Yesterday was our 7th wedding anniversary and to celebrate we went to the Criterion Restaurant for an early dinner before seeing The 39 Steps at the Criterion Theatre.
Opened in 1873, the restaurant is an amazing building. A long shoebox shaped hall that stretches back from Piccadilly Circus. Marble pillars flank huge mirrors that reflect the gold mosaic tiled ceiling. It looks more like some kind of opulent Turkish bath than a restaurant.

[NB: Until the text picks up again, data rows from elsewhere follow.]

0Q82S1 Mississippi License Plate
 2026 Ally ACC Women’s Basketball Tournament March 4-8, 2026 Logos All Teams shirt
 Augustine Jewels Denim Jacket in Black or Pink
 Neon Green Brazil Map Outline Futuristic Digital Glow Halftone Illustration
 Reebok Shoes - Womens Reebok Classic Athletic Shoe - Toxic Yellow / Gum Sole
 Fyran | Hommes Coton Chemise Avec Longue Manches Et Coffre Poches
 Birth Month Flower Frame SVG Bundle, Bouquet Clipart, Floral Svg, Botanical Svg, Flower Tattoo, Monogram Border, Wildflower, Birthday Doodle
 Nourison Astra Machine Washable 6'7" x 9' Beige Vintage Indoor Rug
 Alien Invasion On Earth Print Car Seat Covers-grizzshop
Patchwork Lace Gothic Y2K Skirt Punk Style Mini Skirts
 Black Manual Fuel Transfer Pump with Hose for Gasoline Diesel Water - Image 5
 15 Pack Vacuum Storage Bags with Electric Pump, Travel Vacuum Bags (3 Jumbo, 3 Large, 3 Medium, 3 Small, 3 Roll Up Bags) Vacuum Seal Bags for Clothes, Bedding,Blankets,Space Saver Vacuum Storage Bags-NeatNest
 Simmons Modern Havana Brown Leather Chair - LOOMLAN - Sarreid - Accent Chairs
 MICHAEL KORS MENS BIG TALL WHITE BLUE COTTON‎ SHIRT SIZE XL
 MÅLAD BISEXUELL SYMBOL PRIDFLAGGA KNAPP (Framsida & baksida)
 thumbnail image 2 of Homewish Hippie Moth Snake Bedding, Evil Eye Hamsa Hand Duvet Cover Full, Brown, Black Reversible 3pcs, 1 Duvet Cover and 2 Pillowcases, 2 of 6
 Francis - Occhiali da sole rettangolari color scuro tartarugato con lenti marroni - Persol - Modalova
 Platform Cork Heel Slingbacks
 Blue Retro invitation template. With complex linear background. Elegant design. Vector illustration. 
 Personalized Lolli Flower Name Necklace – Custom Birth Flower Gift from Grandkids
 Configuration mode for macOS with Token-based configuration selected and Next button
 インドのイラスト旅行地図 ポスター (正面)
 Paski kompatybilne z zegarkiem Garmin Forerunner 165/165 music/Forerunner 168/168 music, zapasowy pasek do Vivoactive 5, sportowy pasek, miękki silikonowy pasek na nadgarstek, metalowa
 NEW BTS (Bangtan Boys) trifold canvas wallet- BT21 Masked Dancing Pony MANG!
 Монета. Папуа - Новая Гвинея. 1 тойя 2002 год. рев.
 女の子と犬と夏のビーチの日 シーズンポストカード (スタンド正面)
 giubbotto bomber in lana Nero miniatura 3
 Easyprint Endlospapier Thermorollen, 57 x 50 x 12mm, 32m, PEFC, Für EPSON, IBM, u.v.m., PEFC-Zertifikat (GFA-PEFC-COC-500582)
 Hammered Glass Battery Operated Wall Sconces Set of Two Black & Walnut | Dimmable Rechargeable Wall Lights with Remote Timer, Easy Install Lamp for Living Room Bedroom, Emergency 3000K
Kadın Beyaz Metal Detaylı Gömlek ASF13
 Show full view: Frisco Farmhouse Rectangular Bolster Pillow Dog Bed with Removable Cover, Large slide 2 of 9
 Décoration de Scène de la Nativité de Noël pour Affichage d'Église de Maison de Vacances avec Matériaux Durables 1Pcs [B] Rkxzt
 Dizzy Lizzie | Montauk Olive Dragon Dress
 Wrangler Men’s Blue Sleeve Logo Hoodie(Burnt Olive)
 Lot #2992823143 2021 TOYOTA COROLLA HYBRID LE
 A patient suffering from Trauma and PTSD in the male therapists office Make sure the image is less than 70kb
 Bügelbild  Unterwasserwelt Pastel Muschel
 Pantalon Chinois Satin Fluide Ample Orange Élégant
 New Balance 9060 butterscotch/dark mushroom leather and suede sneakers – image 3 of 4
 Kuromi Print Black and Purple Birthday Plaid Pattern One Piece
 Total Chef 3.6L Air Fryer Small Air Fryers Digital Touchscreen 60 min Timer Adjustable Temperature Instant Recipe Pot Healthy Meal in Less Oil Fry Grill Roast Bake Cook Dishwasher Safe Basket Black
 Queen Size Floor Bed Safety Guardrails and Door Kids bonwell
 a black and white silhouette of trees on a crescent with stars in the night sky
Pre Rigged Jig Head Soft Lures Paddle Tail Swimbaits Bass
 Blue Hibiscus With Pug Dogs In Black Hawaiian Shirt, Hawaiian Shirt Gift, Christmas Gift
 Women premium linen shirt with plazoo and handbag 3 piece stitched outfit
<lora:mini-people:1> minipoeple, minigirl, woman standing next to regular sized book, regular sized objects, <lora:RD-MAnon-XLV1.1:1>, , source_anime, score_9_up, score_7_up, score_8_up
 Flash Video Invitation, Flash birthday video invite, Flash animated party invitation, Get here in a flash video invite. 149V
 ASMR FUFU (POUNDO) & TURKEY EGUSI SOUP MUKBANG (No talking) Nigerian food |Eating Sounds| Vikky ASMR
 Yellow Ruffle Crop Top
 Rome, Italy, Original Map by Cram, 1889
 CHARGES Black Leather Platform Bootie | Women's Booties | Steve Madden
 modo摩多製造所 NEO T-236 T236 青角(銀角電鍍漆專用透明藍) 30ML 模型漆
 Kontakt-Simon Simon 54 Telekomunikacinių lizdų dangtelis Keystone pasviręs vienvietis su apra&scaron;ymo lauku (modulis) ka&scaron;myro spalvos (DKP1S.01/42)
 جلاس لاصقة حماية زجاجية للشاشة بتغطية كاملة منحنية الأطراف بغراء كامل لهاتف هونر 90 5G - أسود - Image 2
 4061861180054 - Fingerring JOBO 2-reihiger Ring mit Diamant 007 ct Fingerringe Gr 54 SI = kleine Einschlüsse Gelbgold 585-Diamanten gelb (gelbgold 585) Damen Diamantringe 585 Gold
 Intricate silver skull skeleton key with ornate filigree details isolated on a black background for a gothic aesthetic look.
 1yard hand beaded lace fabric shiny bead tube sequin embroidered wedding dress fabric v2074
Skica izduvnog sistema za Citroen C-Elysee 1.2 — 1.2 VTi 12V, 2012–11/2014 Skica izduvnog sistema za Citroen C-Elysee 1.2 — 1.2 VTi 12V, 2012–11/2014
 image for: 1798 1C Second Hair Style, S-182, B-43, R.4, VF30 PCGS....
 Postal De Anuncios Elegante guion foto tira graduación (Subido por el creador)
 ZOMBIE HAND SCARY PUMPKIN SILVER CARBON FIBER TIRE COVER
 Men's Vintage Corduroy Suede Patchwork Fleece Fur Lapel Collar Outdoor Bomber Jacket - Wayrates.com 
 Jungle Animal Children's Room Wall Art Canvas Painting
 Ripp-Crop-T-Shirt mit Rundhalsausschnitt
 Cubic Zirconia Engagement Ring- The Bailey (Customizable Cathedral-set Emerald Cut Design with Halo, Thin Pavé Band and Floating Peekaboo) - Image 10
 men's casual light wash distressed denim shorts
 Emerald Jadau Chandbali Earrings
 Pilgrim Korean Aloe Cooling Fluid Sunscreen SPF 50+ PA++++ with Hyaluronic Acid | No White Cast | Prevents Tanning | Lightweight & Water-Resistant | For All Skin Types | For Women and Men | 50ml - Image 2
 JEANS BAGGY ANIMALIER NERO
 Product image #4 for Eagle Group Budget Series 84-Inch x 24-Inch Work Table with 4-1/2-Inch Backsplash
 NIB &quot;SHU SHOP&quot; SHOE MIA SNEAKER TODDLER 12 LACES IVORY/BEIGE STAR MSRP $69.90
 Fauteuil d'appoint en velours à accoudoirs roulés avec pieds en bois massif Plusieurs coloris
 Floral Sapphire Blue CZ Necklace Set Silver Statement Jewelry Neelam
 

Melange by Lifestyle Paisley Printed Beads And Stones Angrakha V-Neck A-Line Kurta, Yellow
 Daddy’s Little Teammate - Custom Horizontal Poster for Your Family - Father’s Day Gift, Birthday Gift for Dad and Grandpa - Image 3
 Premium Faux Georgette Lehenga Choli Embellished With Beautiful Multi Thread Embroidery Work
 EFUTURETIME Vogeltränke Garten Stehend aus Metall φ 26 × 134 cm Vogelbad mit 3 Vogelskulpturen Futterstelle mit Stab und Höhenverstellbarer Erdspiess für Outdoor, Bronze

It was at the Criterion Long Bar, on January 1 1881, that Dr Watson mentioned to his friend Stamford that he was looking for someone to share lodgings with.
From A Study in Scarlet:
I was standing at the Criterion Bar, when some one tapped me on the shoulder, and turning round I recognized young Stamford, who had been a dresser under me at Barts. The sight of a friendly face in the great wilderness of London is a pleasant thing indeed to a lonely man. In old days Stamford had never been a particular crony of mine, but now I hailed him with enthusiasm, and he, in his turn, appeared to be delighted to see me. In the exuberance of my joy, I asked him to lunch with me at the Holborn, and we started off together in a hansom.
“Whatever have you been doing with yourself, Watson?” he asked in undisguised wonder, as we rattled through the crowded London streets. “You are as thin as a lath and as brown as a nut.”
I gave him a short sketch of my adventures, and had hardly concluded it by the time that we reached our destination.
“Poor devil!” he said, commiseratingly, after he had listened to my misfortunes. “What are you up to now?”
“Looking for lodgings,” I answered. “Trying to solve the problem as to whether it is possible to get comfortable rooms at a reasonable price.”
After lunch they walked to St Bartholemew’s Hospital where Stamford introduced Watson to Sherlock Holmes…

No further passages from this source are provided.